3. Dari pengkajian diperoleh data bahwa ibu pasien selalu menanyakan tentang keadaan anaknya serta kapan sembuh dari penyakitnya, orang tua pasien mengganggap kalau suhu tubuhnya sudah turun maka penyakitnya sudah sembuh tidak perlu melanjutkan program dari dokter. Dari data tersebut dapat kita munculkan diagnosa keperawatan kecemasan berhubungan dengan kurangnya pemahaman tentang perjalanan penyakit dan program pengobatan. Tujuan yang diharapkan yaitu ibu pasien tahu tentang penyakit dan pengobatan pada anaknya. Dengan kriteria hasil : Keluarga (orang tua) dapat memahami tentang penyakit dan pengobatannya, keluarga (orang tua) kooperatif dalam program pengobatan.

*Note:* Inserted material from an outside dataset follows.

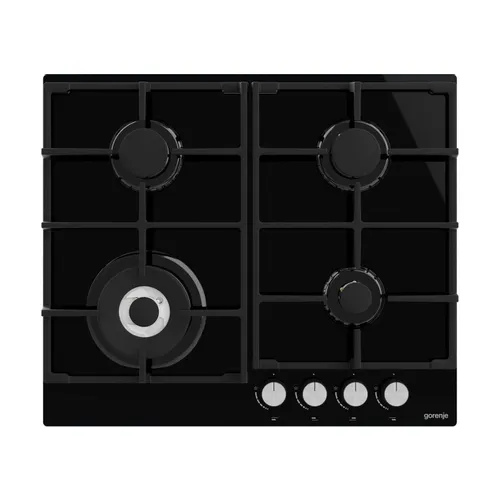 Газовая варочная панель Gorenje Essential GTW641AKB, 4 конфорки, закаленное стекло, черный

Intervensi yang dapat diberikan yaitu : Kaji tingkat pengetahuan orang tua, berikan kesempatan orang tua untuk mengekspresikan perasaannya, jelaskan tujuan dari pengobatan, berikan penjelasan pada orang tua pasien tentang penyakit anaknya. Hasil implementasinya yaitu : keluarga tahu dan mengerti tentang kondisi penyakit anaknya serta memahami tentang prosedur pengobatan. Evaluasinya masalah teratasi.
DAFTAR PUSTAKA
Carpenito, L.J. 1995. Nursing Care Plans & Documentation, Nursing Diagnoses and Collaborative Problem. Alih bahasa : Monica Ester, Setiawan. Penerbit Buku Kedokteran. Jakarta : EGC.
Doenges Marilynn, E, Moorehouse, M.F, Geissler, A.C. 1993. Nursing Care Plans, Guidelines for Planning and Documenting Patient Care. Edisi 3. Alih bahasa : I Made Kariasa, Ni Made Sumarwati. Penerbit Buku Jedokteran. Jakarta : EGC.
I Hartantyo, dkk. 1997. Pedoman Pelayanan Medik Anak. Edisi 2. Bagian Ilmu Kesehatan Anak. FK Universitas Diponegoro.
Long Barbara, C. 1993. Essential Of Medical Surgical Nursing, A Nursing Process Approach. Alih bahasa : Yayasan Ikatan Alumni Pendidikan Keperawatan. Penerbitan Yayasan IAPK. Padjajaran Bandung.
Wong, D.L & Whaley, L.F. 1999. Clinical Manual of Pediatric Nursing. St Louis. The Mosby Company.